> **Work instruction**: Transcribe, exactly and without pictures, the lines below from the line with "2011_eurocamp_ (68)" to the line with "6043d340c1f788387157d215b543d162.jpg", both ends included, and no others.

> **Data records**:
+===+
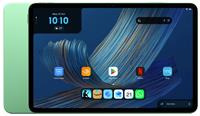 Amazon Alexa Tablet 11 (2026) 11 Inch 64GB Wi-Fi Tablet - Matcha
+===+
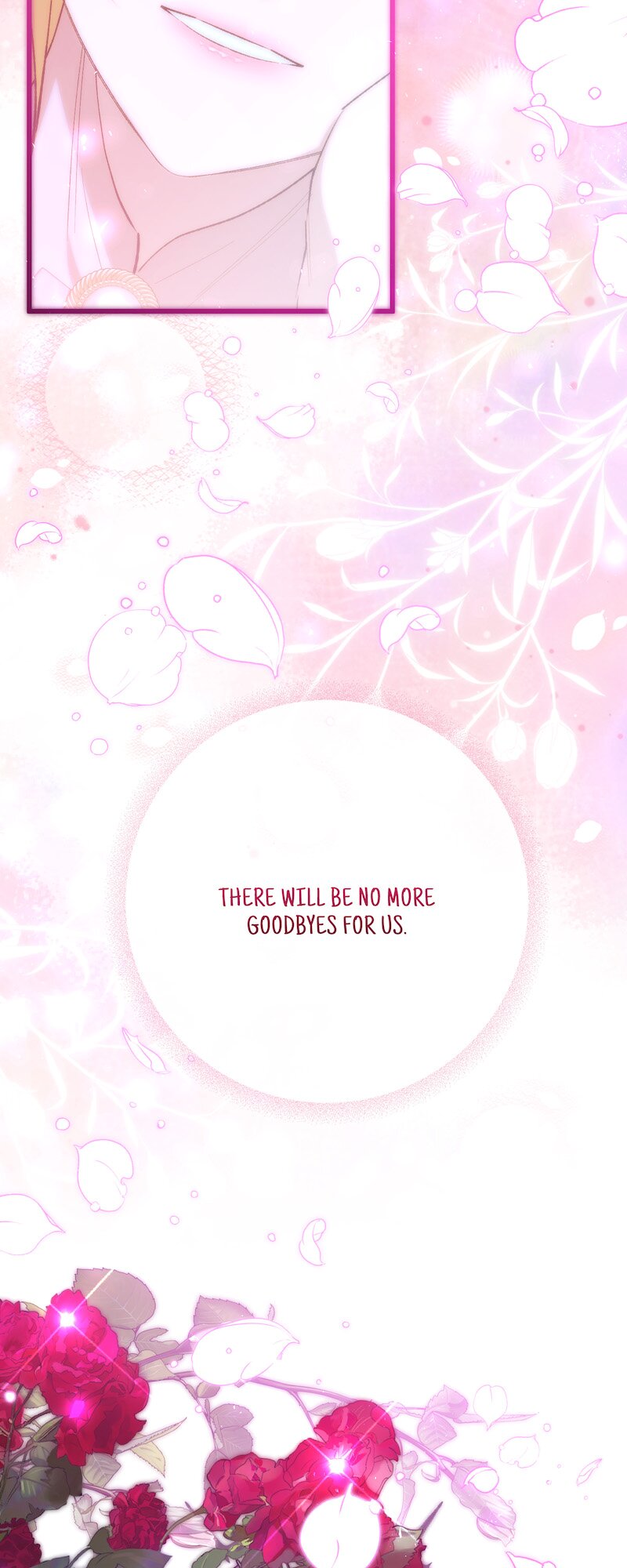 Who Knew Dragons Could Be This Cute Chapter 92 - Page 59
+===+
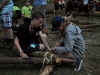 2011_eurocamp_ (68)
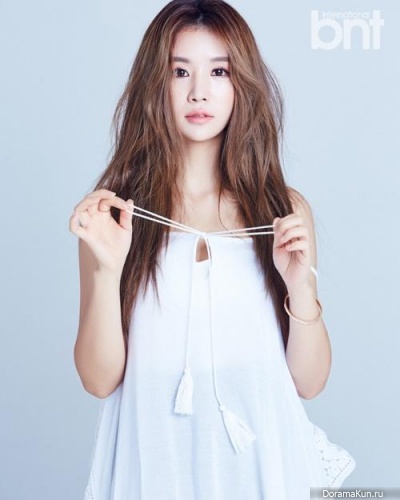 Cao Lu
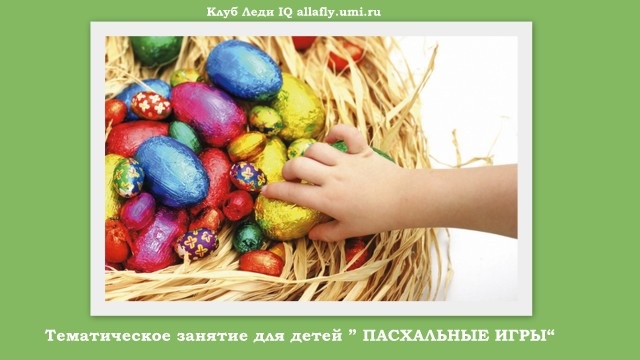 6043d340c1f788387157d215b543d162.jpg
+===+
> **Solution to this problem**:
 2011_eurocamp_ (68)
 Cao Lu
 6043d340c1f788387157d215b543d162.jpg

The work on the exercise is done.